2.33. PrEP precursor variables.
We measured perceived HIV risk, PrEP awareness, and PrEP initiation intention. Awareness was a binary response (yes/no) to the question: “Before this study, had you ever heard of PrEP?” Perceived HIV Risk and PrEP initiation intention were originally 4-point Likert responses (“strongly disagree” to “strongly agree”) to the items (“I believe I am at risk of getting HIV” and “I plan to start PrEP in the next 3 months”). For analyses, we converted these outcome variables into dichotomous variables (“strongly agree/agree” and “strongly disagree/disagree”) due to the small sample sizes for several drug types and for consistency in analysis across all three PrEP precursor outcome variables.
3. Data analysis
Using SPSS (V.28), the study team conducted descriptive statistics to describe demographic variables. We generated frequencies to describe categorical variables; and minimum, maximum, mean, and standard deviations were generated to describe continuous variables. Binary logistic regressions evaluated the relationship between the independent drug variables of interest and the PrEP variables.
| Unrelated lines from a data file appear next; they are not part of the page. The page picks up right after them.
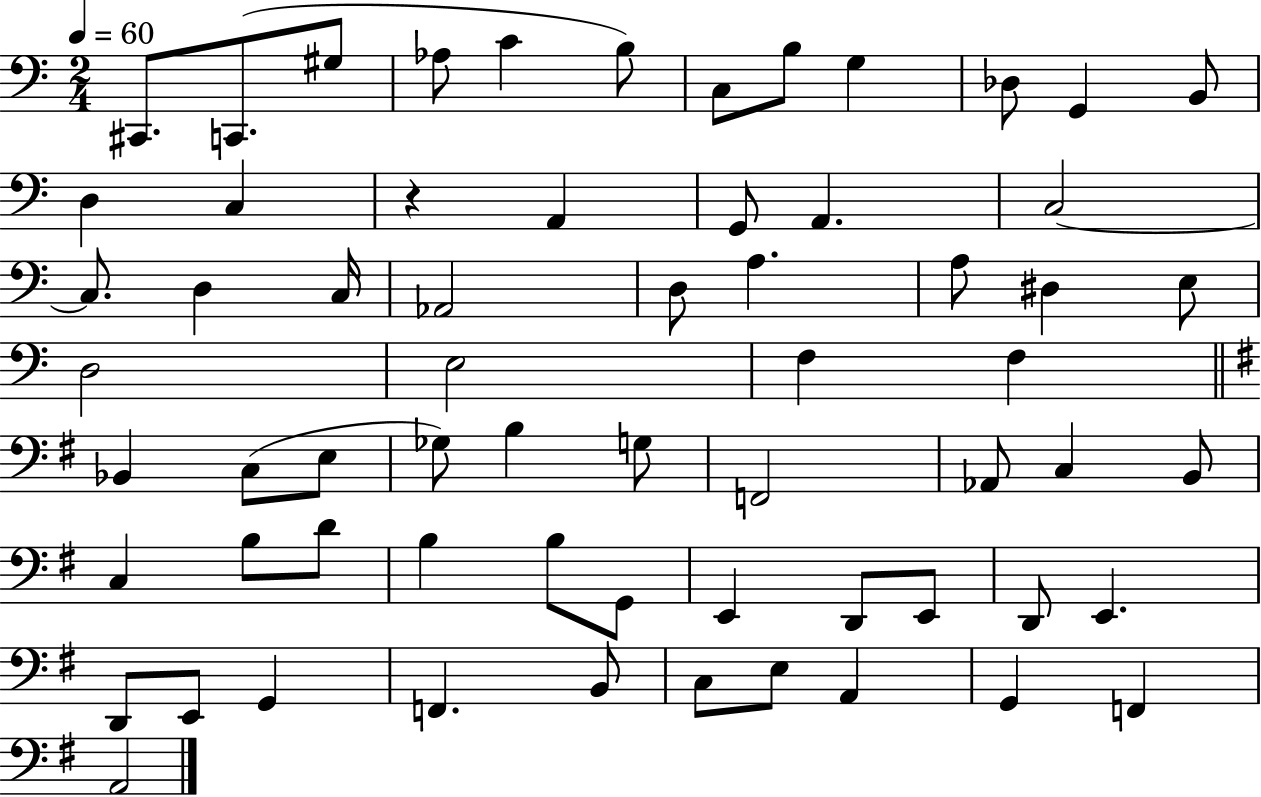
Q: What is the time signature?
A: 2/4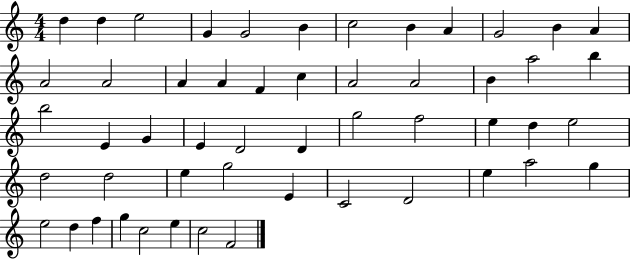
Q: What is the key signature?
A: C major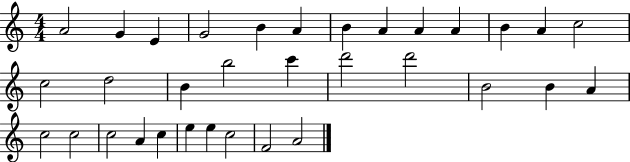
A4/h G4/q E4/q G4/h B4/q A4/q B4/q A4/q A4/q A4/q B4/q A4/q C5/h C5/h D5/h B4/q B5/h C6/q D6/h D6/h B4/h B4/q A4/q C5/h C5/h C5/h A4/q C5/q E5/q E5/q C5/h F4/h A4/h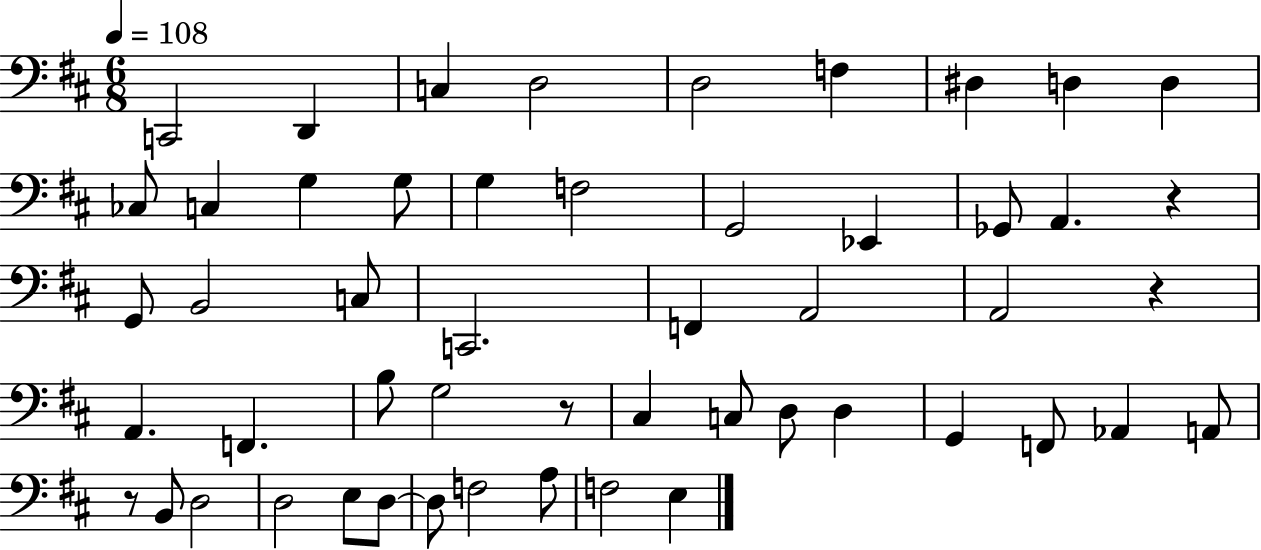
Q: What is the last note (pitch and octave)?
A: E3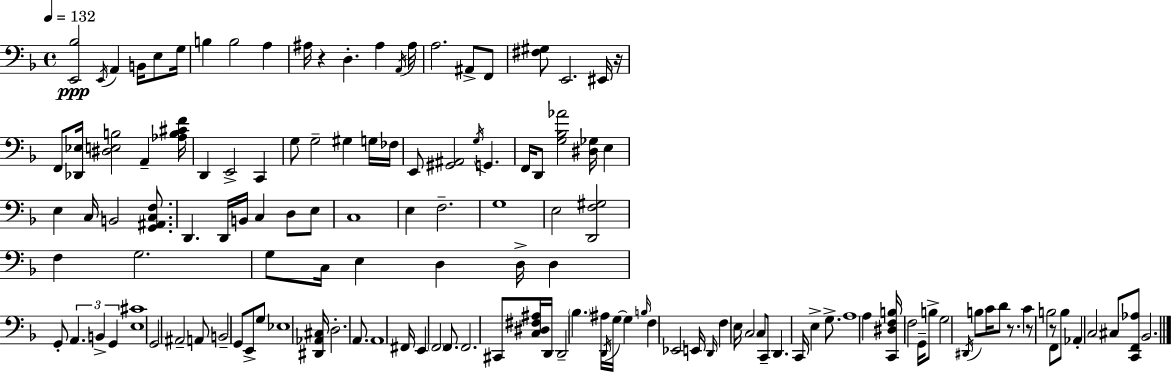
X:1
T:Untitled
M:4/4
L:1/4
K:Dm
[E,,_B,]2 E,,/4 A,, B,,/4 E,/2 G,/4 B, B,2 A, ^A,/4 z D, ^A, A,,/4 ^A,/4 A,2 ^A,,/2 F,,/2 [^F,^G,]/2 E,,2 ^E,,/4 z/4 F,,/2 [_D,,_E,]/4 [^D,E,B,]2 A,, [_A,B,^CF]/4 D,, E,,2 C,, G,/2 G,2 ^G, G,/4 _F,/4 E,,/2 [^G,,^A,,]2 G,/4 G,, F,,/4 D,,/2 [G,_B,_A]2 [^D,_G,]/4 E, E, C,/4 B,,2 [G,,^A,,C,F,]/2 D,, D,,/4 B,,/4 C, D,/2 E,/2 C,4 E, F,2 G,4 E,2 [D,,F,^G,]2 F, G,2 G,/2 C,/4 E, D, D,/4 D, G,,/2 A,, B,, G,, [E,^C]4 G,,2 ^A,,2 A,,/2 B,,2 G,,/2 E,,/2 G,/2 _E,4 [^D,,_A,,^C,]/4 D,2 A,,/2 A,,4 ^F,,/4 E,, F,,2 F,,/2 F,,2 ^C,,/2 [C,^D,^F,^A,]/4 D,,/4 D,,2 _B, ^A,/4 D,,/4 G,/4 G, B,/4 F, _E,,2 E,,/4 D,,/4 F, E,/4 C,2 C,/2 C,,/2 D,, C,,/4 E, G,/2 A,4 A, [C,,^D,F,B,]/4 F,2 G,,/4 B,/2 G,2 ^D,,/4 B,/2 C/4 D/2 z/2 C z/2 B,2 z/2 F,,/2 B,/2 _A,, C,2 ^C,/2 [C,,F,,_A,]/2 _B,,2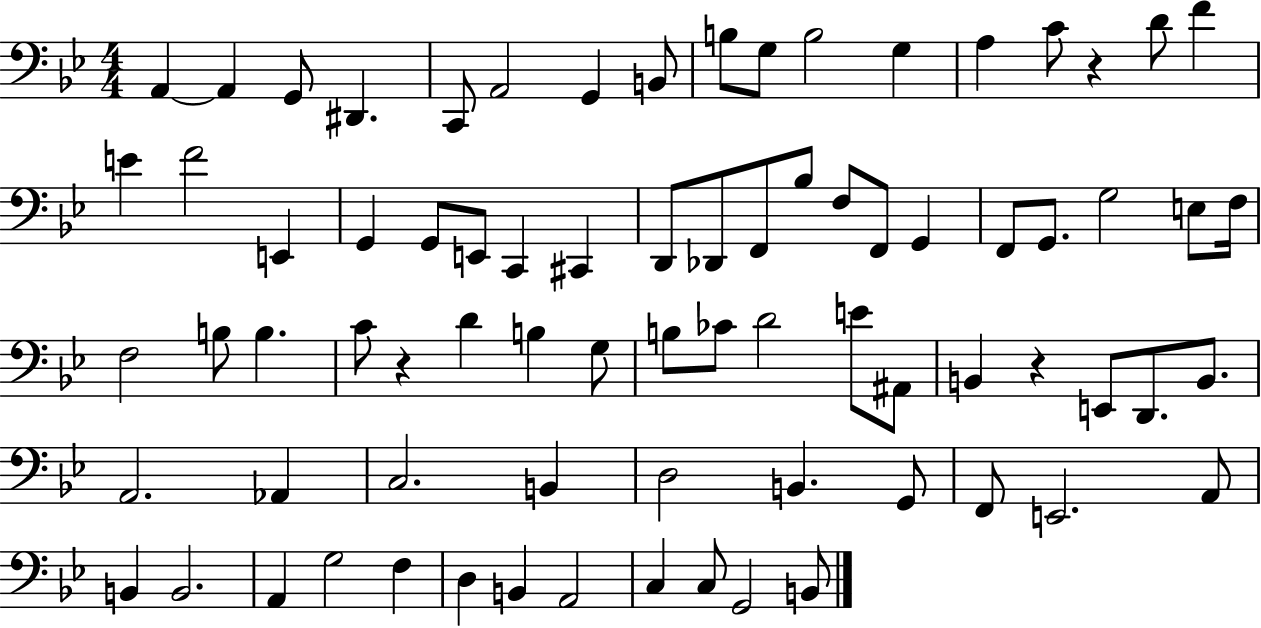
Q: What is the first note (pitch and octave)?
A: A2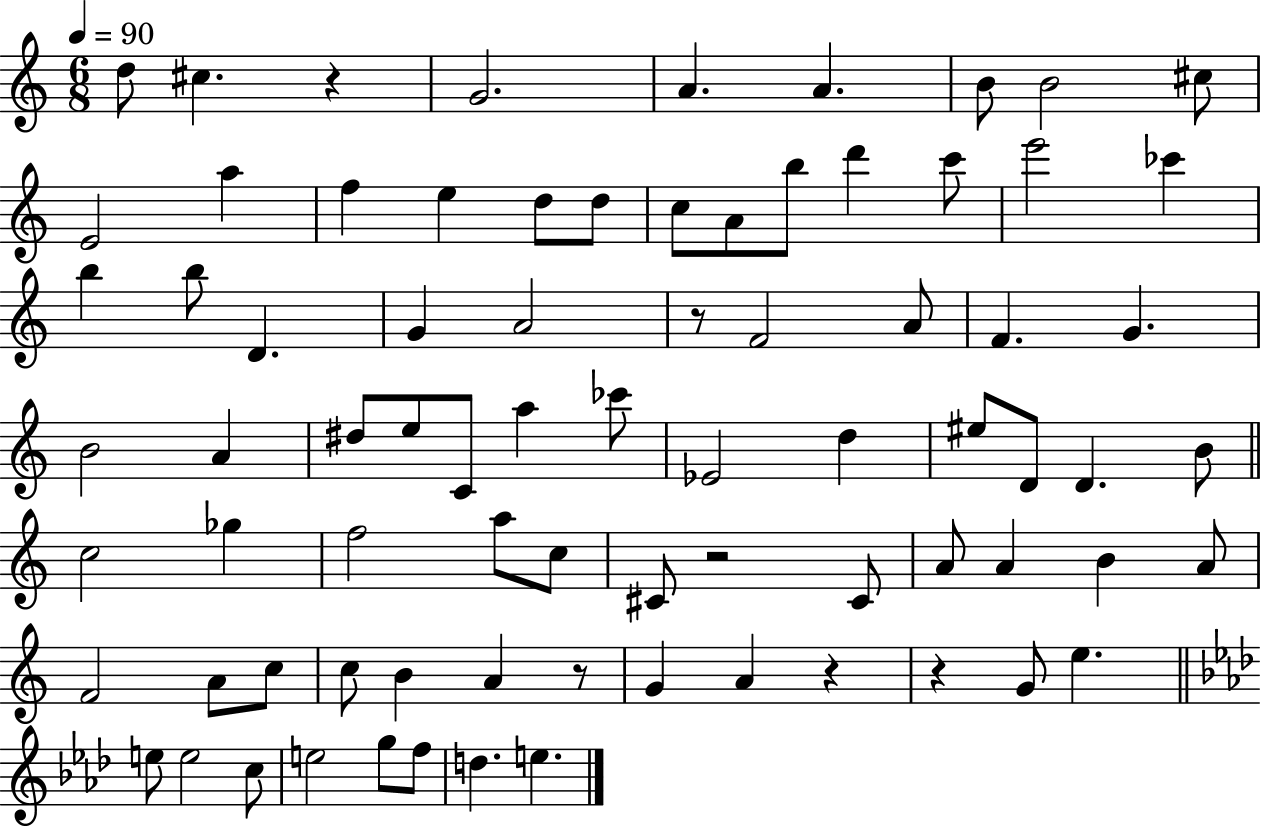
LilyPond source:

{
  \clef treble
  \numericTimeSignature
  \time 6/8
  \key c \major
  \tempo 4 = 90
  d''8 cis''4. r4 | g'2. | a'4. a'4. | b'8 b'2 cis''8 | \break e'2 a''4 | f''4 e''4 d''8 d''8 | c''8 a'8 b''8 d'''4 c'''8 | e'''2 ces'''4 | \break b''4 b''8 d'4. | g'4 a'2 | r8 f'2 a'8 | f'4. g'4. | \break b'2 a'4 | dis''8 e''8 c'8 a''4 ces'''8 | ees'2 d''4 | eis''8 d'8 d'4. b'8 | \break \bar "||" \break \key c \major c''2 ges''4 | f''2 a''8 c''8 | cis'8 r2 cis'8 | a'8 a'4 b'4 a'8 | \break f'2 a'8 c''8 | c''8 b'4 a'4 r8 | g'4 a'4 r4 | r4 g'8 e''4. | \break \bar "||" \break \key aes \major e''8 e''2 c''8 | e''2 g''8 f''8 | d''4. e''4. | \bar "|."
}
We excluded seven (7) participants from this analysis due to insufficient or nonresponses to the drug use questions, resulting in a total analyzable sample of 233 participants. We assessed for association between three potentially confounding demographic covariates (age, ethnicity, and income) and the PrEP precursor outcome variables. Ethnicity was associated with PrEP awareness (p<.05) and PrEP initiation intention (p<.05); and age was associated with PrEP initiation intention (p<.01). Therefore, we adjusted for age and ethnicity, but not income, across all logistic regression models for drug use and the PrEP precursor outcomes. A p-value<0.05 was considered statistically significant.
4. Results
4.1. Demographics
Nearly three quarters (70.9%) of women were Black, and roughly one quarter identified as Hispanic/Latina. Approximately one-third had received education beyond a high school diploma or GED. More than half (54.2%) were either not working or temporarily laid off, and the majority (67.9%) made less than $12,000 per year. Most (88.2%) had health insurance (see Table 1).
TABLE 1.
Characteristic | Mean | SD |
---|---|---|
Age (years) (18+) | 39.2 | 12.2 |
n | % | |
Race (n=230) | ||
Black | 163 | 70.9 |
White | 28 | 12.2 |
Other | 39 | 17.0 |
Hispanic/Latina (n=226) | 56 | 24.8 |
Education (n=223) | ||
<12th grade | 62 | 27.8 |
High school - diploma or GED | 83 | 37.2 |
Some college, technical training, college or post-grad degree | 78 | 35.0 |
Employment status (n=225) | ||
Full-time/Part-time/Working off-book | 60 | 26.7 |
Not working/Temporarily laid off | 122 | 54.2 |
Student or Other | 43 | 19.1 |
Yearly household income (n = 212) | ||
Less than $12,000 | 144 | 67.9 |
$12,000 – 16,999 | 28 | 13.2 |
$17,000 or more | 40 | 18.9 |
Has health insurance (n=228) | 201 | 88.2 |
Ever incarcerated (n = 231) | 119 | 51.5 |
Primary male partner (n = 221) | 119 | 53.8 |
Had sex with a man for money, drugs, goods or services (n = 208) | 110 | 52.9 |
Used drugs or alcohol to get high or drunk before sex in past 3 months (n = 208) | ||
Never | 52 | 25.0 |
Sometimes | 65 | 31.3 |
Often | 34 | 16.3 |
Almost Every Time | 24 | 11.5 |
Every Time | 33 | 15.9 |
Injected drugs in the past 3 months (n = 232) | 46 | 19.8 |
Been in a drug treatment program in the past 3 months | 103 | 44.2 |
Any drug use in the past 3 months (n=233) | 147 | 63.1 |
Risk for problematic alcohol use (AUDIT-C >2) (n=230) | 122 | 53.0 |
No. of drugs used in the past 3 months (n = 233) | ||
0 | 86 | 36.9 |
1 | 49 | 21.0 |
2 | 32 | 13.7 |
3 | 25 | 10.7 |
≥4 | 41 | 17.6 |
AUDIT-C Alcohol Use Disorders Identification Test – Consumption
4.11. HIV related behaviors & substance use.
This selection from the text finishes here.